AIM OF THE EXERCISE:
Make an exact copy of the data below, leaving out every picture.

======== DATA

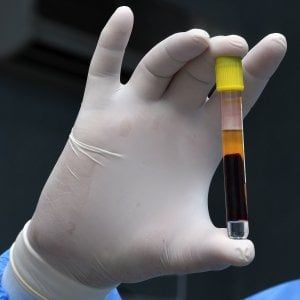 Covid 19: ex zona rossa Sala Consilina, indagine sierologica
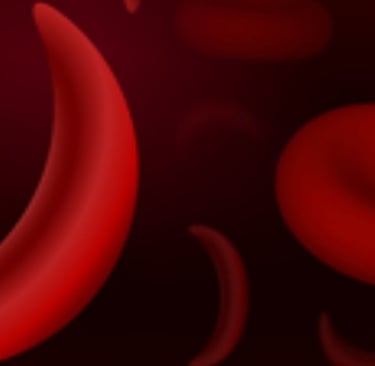 ⚔️🧠 When Fasting Helps—or Hurts—in Sickle Cell Crises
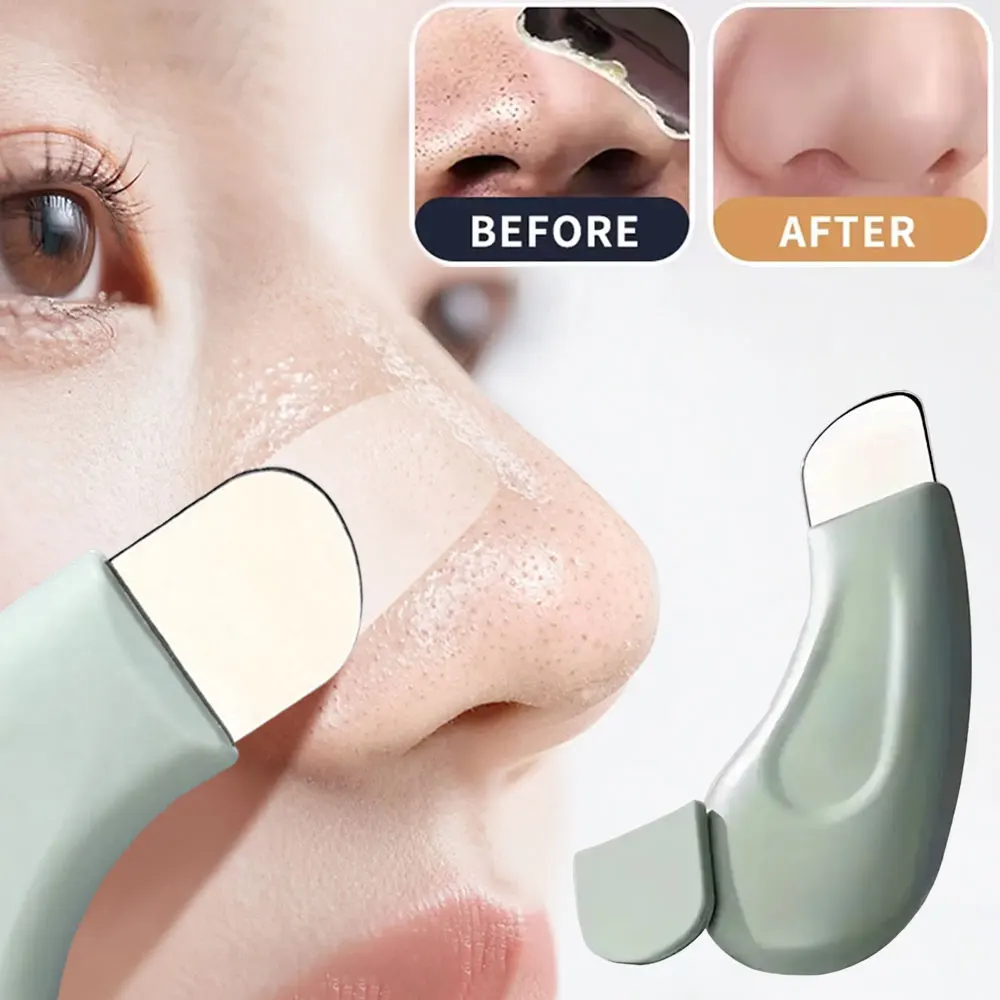 Nasal Aspirator - อุปกรณ์กำจัดสิวเสี้ยนบนใบหน้า, ที่ขูดสิวเสี้ยนแบบล้ำลึก, อุปกรณ์กำจัดสิวหัวขาวบริเวณจมูก, อุปกรณ์ทำความสะอาดรูขุมขนบนผิวหน้า สำหรับดูแลผิวและเสริมความงาม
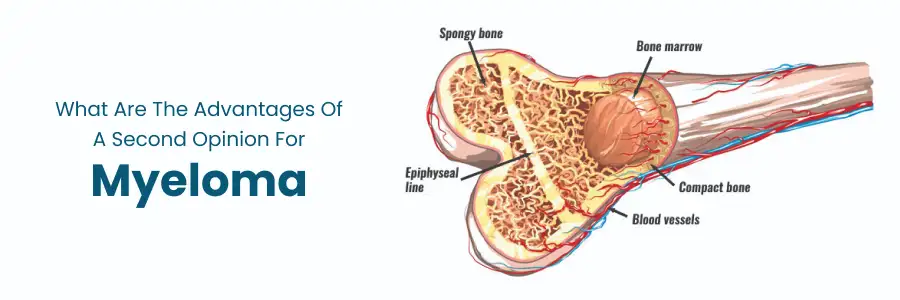 Advantages of Getting a Second Opinion for Myeloma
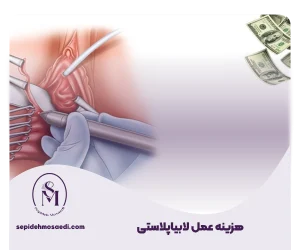 هزینه عمل لابیاپلاستی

================

WRITTEN REPLY:
 Covid 19: ex zona rossa Sala Consilina, indagine sierologica
 ⚔️🧠 When Fasting Helps—or Hurts—in Sickle Cell Crises
 Nasal Aspirator - อุปกรณ์กำจัดสิวเสี้ยนบนใบหน้า, ที่ขูดสิวเสี้ยนแบบล้ำลึก, อุปกรณ์กำจัดสิวหัวขาวบริเวณจมูก, อุปกรณ์ทำความสะอาดรูขุมขนบนผิวหน้า สำหรับดูแลผิวและเสริมความงาม
 Advantages of Getting a Second Opinion for Myeloma
 هزینه عمل لابیاپلاستی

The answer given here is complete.